▸ Provided entries
--------------------------------

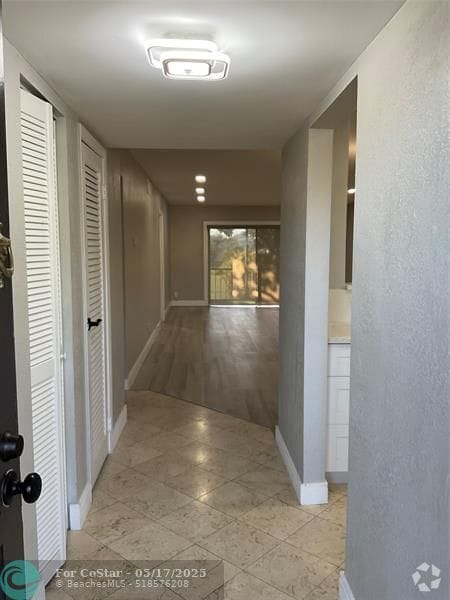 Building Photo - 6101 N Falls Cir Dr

--------------------------------

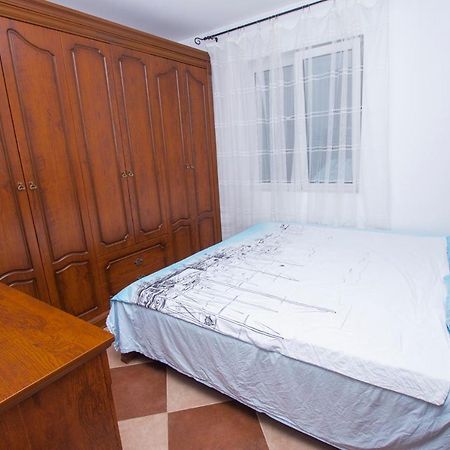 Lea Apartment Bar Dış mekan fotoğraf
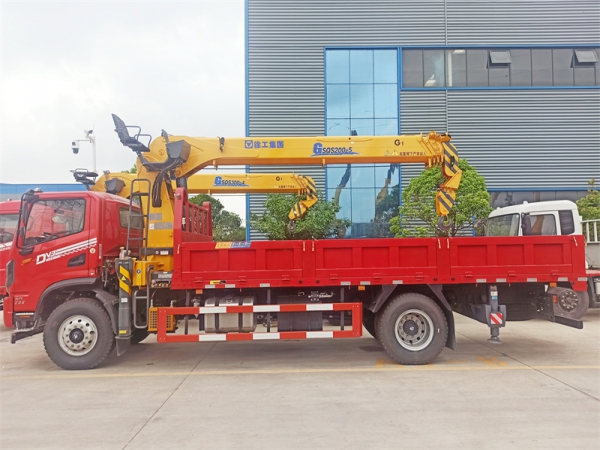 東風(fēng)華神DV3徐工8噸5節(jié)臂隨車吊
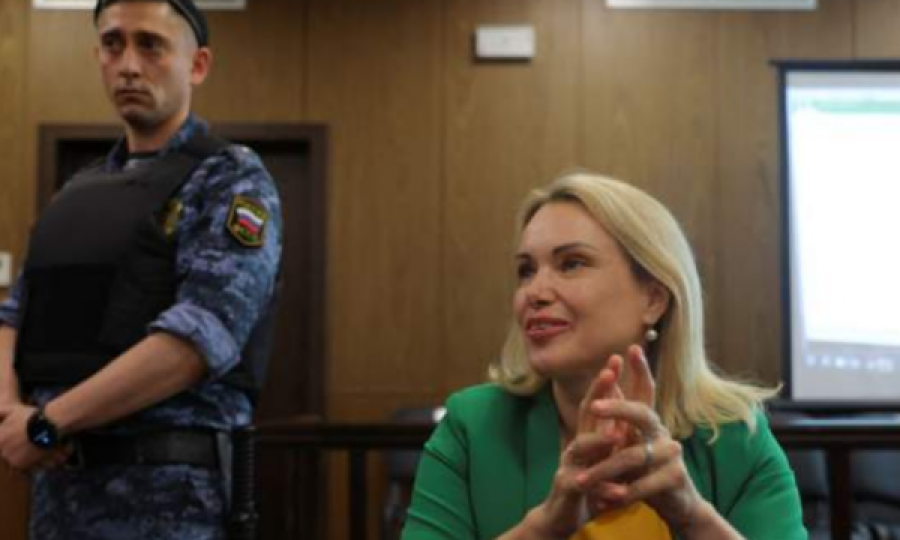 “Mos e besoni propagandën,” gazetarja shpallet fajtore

--------------------------------

▸ Goal of the exercise
Take the entries above and copy exactly the lines starting at the one with "Lea Apartment Bar Dış mekan fotoğraf" and ending at the one with "gazetarja shpallet fajtore"; nothing outside that span, and no pictures.

▸ Reply
 Lea Apartment Bar Dış mekan fotoğraf
 東風(fēng)華神DV3徐工8噸5節(jié)臂隨車吊
 “Mos e besoni propagandën,” gazetarja shpallet fajtore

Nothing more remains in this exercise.